=== Section Start ===
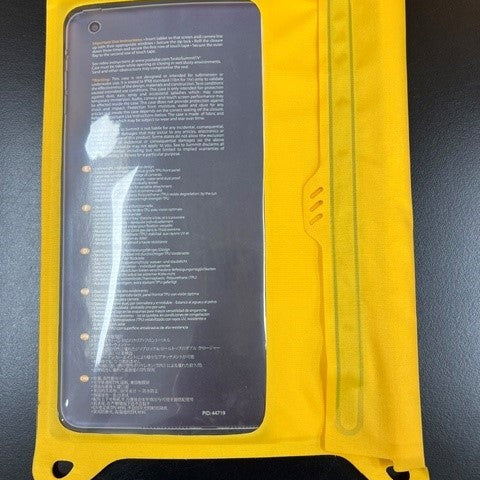Yellow case with a clear back on a black background
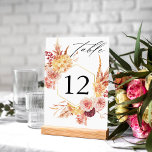 Golden Burgund & Blush Pink Tischnummer<br><div class="desc">Dress up your wedding or Party tables with your Golden Burgundy & Blush Pink Floral Tischnummer Card.</div>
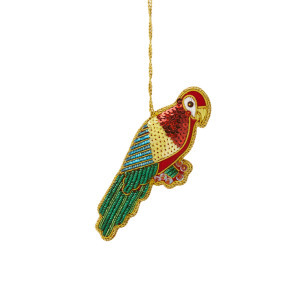 Tropical Zari Macaw Ornament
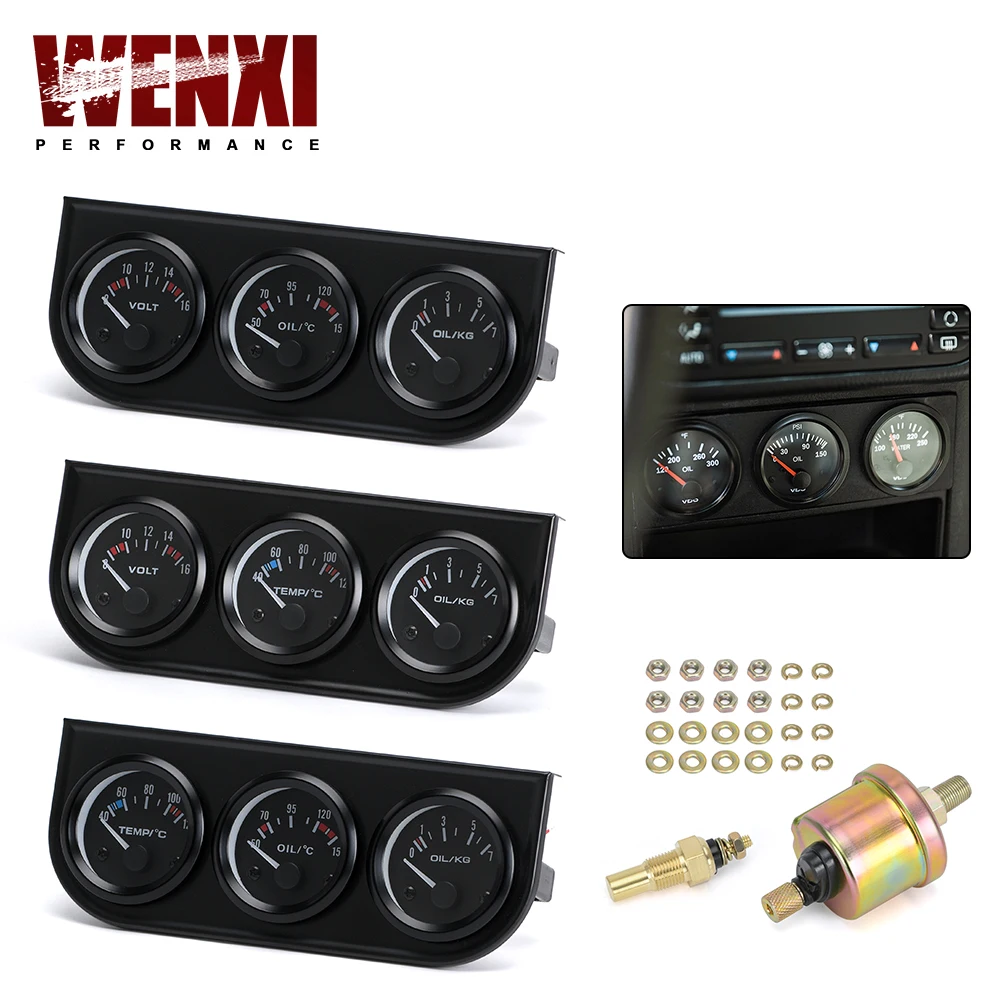 52mm Triple kit Oil Temp Gauge + Water Temp Gauge + Oil Pressure Gauge With Sensor 3in1 Car Meter WX-TAG01/02/03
=== Section End ===
▶ How to complete this task: What you return should match the material word for word, apart from the pictures.

▶ Solved exercise:
Yellow case with a clear back on a black background
 Golden Burgund & Blush Pink Tischnummer<br><div class="desc">Dress up your wedding or Party tables with your Golden Burgundy & Blush Pink Floral Tischnummer Card.</div>
 Tropical Zari Macaw Ornament
 52mm Triple kit Oil Temp Gauge + Water Temp Gauge + Oil Pressure Gauge With Sensor 3in1 Car Meter WX-TAG01/02/03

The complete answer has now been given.